> [ASSIGNED TASK]:
Your task is to transcribe exactly, and only, the lines running from the one with "this 1104×620 image." to the end of the listing below, inclusive, with every picture left out.

--- START ---

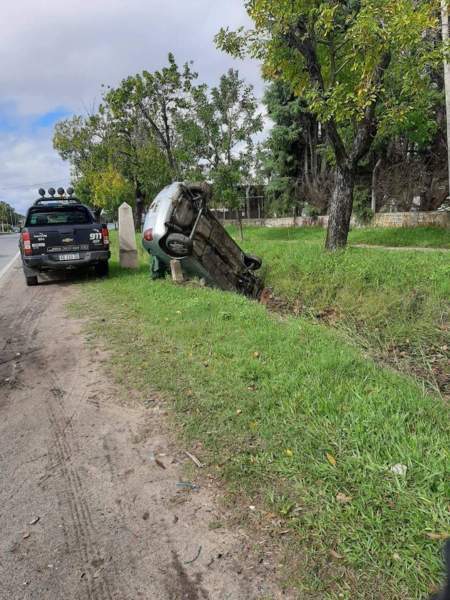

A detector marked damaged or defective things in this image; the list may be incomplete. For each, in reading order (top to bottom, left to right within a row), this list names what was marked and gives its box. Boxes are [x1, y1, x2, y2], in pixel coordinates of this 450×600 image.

overturned silver car [142, 180, 264, 298]
damaged vehicle door [142, 180, 264, 298]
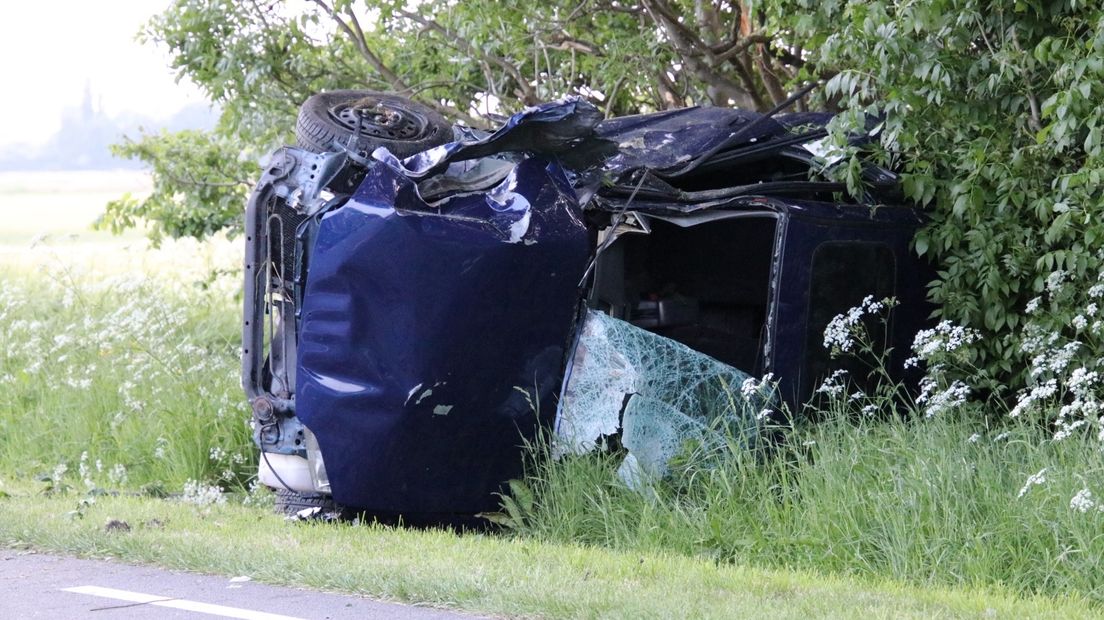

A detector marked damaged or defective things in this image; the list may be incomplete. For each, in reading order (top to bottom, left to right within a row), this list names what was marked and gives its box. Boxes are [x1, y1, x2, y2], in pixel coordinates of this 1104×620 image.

exposed spare tire [294, 92, 452, 161]
overturned blue car [244, 91, 932, 520]
bent car frame [244, 91, 932, 520]
broken glass [556, 310, 772, 484]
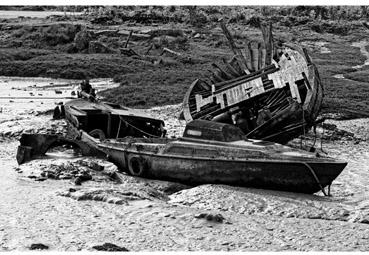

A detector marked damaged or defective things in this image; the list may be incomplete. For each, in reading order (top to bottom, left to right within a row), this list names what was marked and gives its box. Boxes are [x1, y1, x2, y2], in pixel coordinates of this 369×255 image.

wrecked boat [58, 91, 165, 139]
wrecked boat [183, 22, 322, 143]
wrecked boat [16, 120, 344, 195]
rusted boat hull [98, 143, 344, 193]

--- END ---

> [RESULT BELOW]:
A detector marked damaged or defective things in this image; the list may be incomplete. For each, in reading order (top to bottom, left to right within a row), this list names what was marked and gives its box. Boxes are [x1, y1, x2, y2], in pixel coordinates of this 1104×620 image.

exposed spare tire [294, 92, 452, 161]
overturned blue car [244, 91, 932, 520]
bent car frame [244, 91, 932, 520]
broken glass [556, 310, 772, 484]

A detector marked damaged or defective things in this image; the list may be incomplete. For each, in reading order (top to bottom, left to right within a row), this list names what was marked and gives its box. Boxes are [x1, y1, x2, y2], in pixel coordinates of this 369×255 image.

wrecked boat [58, 91, 165, 139]
wrecked boat [183, 22, 322, 143]
wrecked boat [16, 120, 344, 195]
rusted boat hull [98, 143, 344, 193]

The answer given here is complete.